- Chulafinnee, Alabama Chulafinnee, Alabama
- Coordinates: 33°32′43″N 85°38′56″W﻿ / ﻿33.54528°N 85.64889°W
- Country: United States
- State: Alabama
- County: Cleburne
- Elevation: 876 ft (267 m)
- Time zone: UTC-6 (Central (CST))
- • Summer (DST): UTC-5 (CDT)
- GNIS feature ID: 159405

= Chulafinnee, Alabama =

Unincorporated community in Alabama, United States

Chulafinnee is an unincorporated community in Cleburne County, Alabama, United States.

==History==
Chulafinnee was named after the nearby Chulafinnee Creek, which was derived from Creek words chuli meaning "pine" and fina meaning "footlog". Chulafinnee was founded in 1835 when gold was found in the nearby creeks. The population was smaller than that of nearby Arbacoochee (which was also formed after gold was found nearby), but considered by locals to be a more permanent town due to the greater number of brick buildings. Local lore held that the King brothers, (who later founded King Ranch), were prospectors in the area.
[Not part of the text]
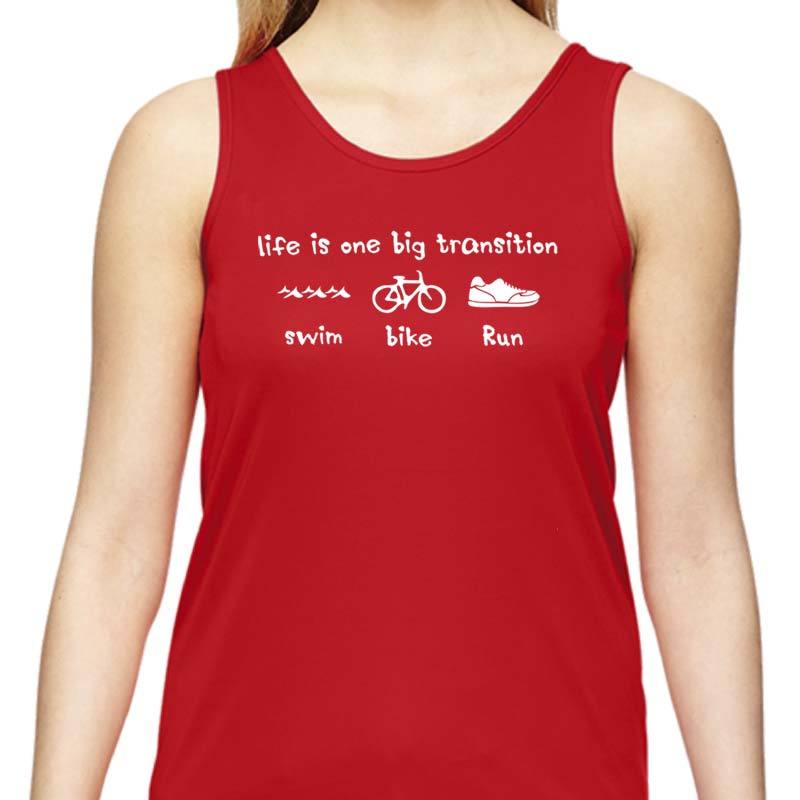 Ladies Sports Tech Tank Crew - "Life Is One Big Transition"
Remains of some of the mines are located on the Frank Spain Scout Reservation, where participating Scouts are able to learn about the history of the area.

The American geologist Eugene Allen Smith explored the old mines and examined minerals around Chulafinnee in the late 1800s.

A post office operated under the name Chulafinnee from 1842 to 1904.